The U.S. Agency for International Development (USAID) has spent more than $5 billion in Pakistan over the last decade to build schools, provide safe drinking water, fund earthquake reconstruction and other projects aimed at wooing Pakistani public support for America. But open any Pakistani newspaper and you’re unlikely to ever find even a sentence of praise for this aid. Instead, the message of America’s good deeds is drowned out nearly every day by relentless press criticism of America’s policies in the region.
“US mocks Pak demand with fresh drone strike,” declared a typical headline this month in Express Tribune, an English language Pakistani newspaper affiliated with the Paris-based International Herald Tribune.
“USAID can spend billions of dollars to build infrastructure in Pakistan,” said Lawrence Pintak, dean of Washington State University’s College of Communication. “But one drone attack can undo all that good will.”
Pintak, whose academic research focuses on journalists in the Muslim world, recently completed a survey of 395 Pakistani journalists to study their attitudes toward America.
Pakistani journalists have often been blamed for stoking anti-American sentiment in the country.

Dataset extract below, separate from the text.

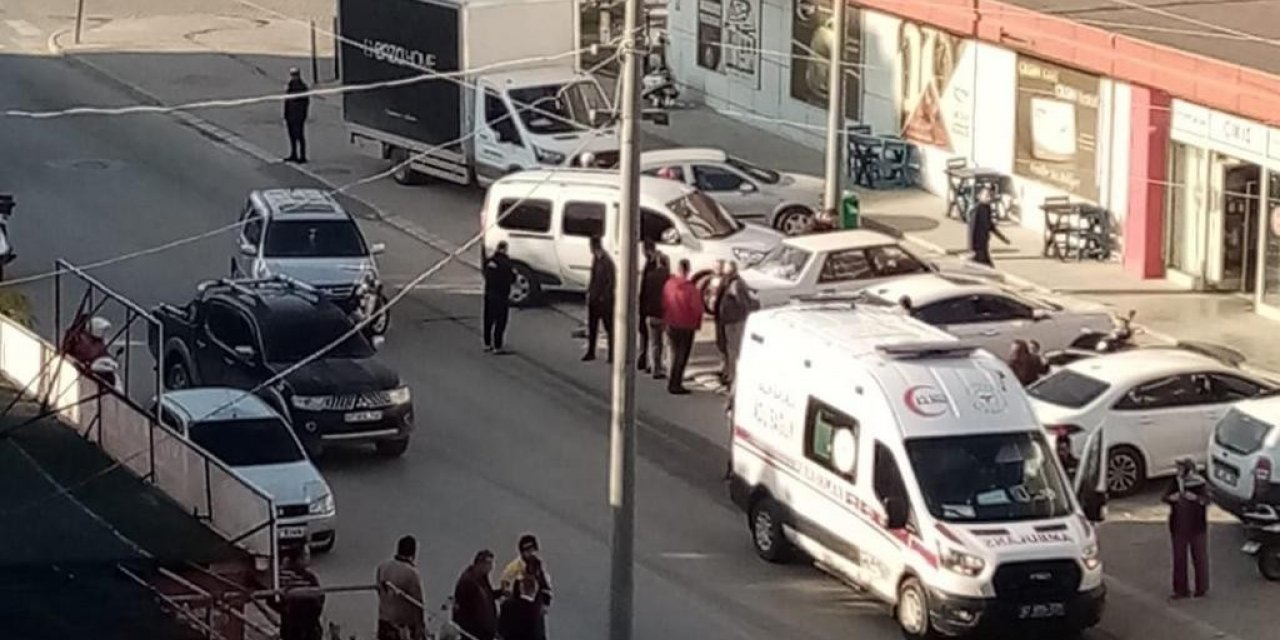 Antalya’da hasta almaya giden ambulans otomobille çarpıştı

But Pintak’s survey reveals that, contrary to popular perception, most Pakistani journalists – 76 percent of those responding to his poll – actually hold a positive view of America and the American people.
What they don’t like, according to the poll, is American foreign policy.
For example, in the questionnaire, which was administered locally by Pakistani newspaper editor Syed Javed Nazir, 84 percent of Pakistani journalists said they believe America is “unjustly meddling in Pakistani politics.” And two-thirds of those who responded defined the controversial U.S. drone attacks – which are meant to target militants in tribal areas but also can result in heavy civilian casualties - as an “act of terrorism.”
“It’s the policy, stupid,” said Pintak, who argues that “Pakistani journalists are not inherently anti-American but are fed up with America’s policies in the region.”
Umar Cheema, an investigative reporter for The News, an English-language daily published by one of the leading media groups in Pakistan, said coverage in papers like his reflects the public sense of “imperial arrogance” in U.S. policies. “We only get to experience the hard power of the US,” he said. “We are not treated as human beings.”
No U.S. policy draws greater fire from the Pakistani media than the drone campaign. More recently, media have also lashed out at a covert deal that resulted in Pakistan’s release of Raymond Davis, a CIA contractor who was arrested in Lahore earlier this year after shooting two Pakistani men in broad daylight.
“Imagine what would happen if the situation was reversed,” said Cheema, the investigative reporter. “What if a Pakistani murdered two Americans in broad day light? You would expect criminal proceedings. But these standards are not applied when it comes to Pakistani deaths.”
The day after Davis’s controversial release, a U.S. drone attack killed over 40 people in Pakistan’s tribal areas, giving Pakistani media a fresh angle for their anger.
“Drones celebrate Raymond release by killing 41,” complained one stinging headline in The News. An editor at the paper, Ansar Abasi, described the timing of the two events this way: “Within 24 hours of the shameless release and handing over of the American double murderer Raymond Davis to the US, Washington gifted Pakistan with one of the deadliest drone attacks in North Waziristan, killing more than 40 innocent tribals attending a Jirga.”
At Dawn, another prominent English-language paper, columnist Khalid Aziz wrote with similar frustration: “Just when patience was needed for the Pakistanis’ anger to subside over the release of Raymond Davis, we heard of multiple drone strikes that killed more than 40 persons attending a jirga in Datta Khel, North Waziristan.”
Civilian casualties in drone attacks serve as a regular news hook for Pakistani journalists to express their anger at America’s policies in the region.
Things get even more complicated when the media write about the increasingly unpopular Pakistani government’s close ties with the U.S.
“I fail to understand how these drone attacks occur without approval from the Pakistani government,” said Hassan Chaudhry, a national pages sub-editor at Express Tribune. “There has to be an under-the-table deal between both governments. I don’t know… maybe money is being exchanged too.”
Chaudhry is echoing a growing belief that U.S. drone attacks cannot occur without covert support from the Pakistani state apparatus. But the Pakistani government does not reveal the exact nature of the deal that allows the U.S, to conduct drone attacks deep inside Pakistani territory. Publicly, the government continues to demand that the U.S. end drone strikes in the country.
Cheema, who received an award at Syracuse University this week for investigative reporting that has often angered the Pakistani government, argues that Pakistani journalists simply mirror the views of their fellow countrymen, who happen to be vehemently anti-American despite the large amounts of U.S. aid poured into Pakistan.
“Why do so many Pakistanis hate the U.S.?” Cheema asked rhetorically. “Because money isn’t a substitute for self-respect. We don’t want to feel that we receive dollars one day and the next day some of our countrymen are killed in return.”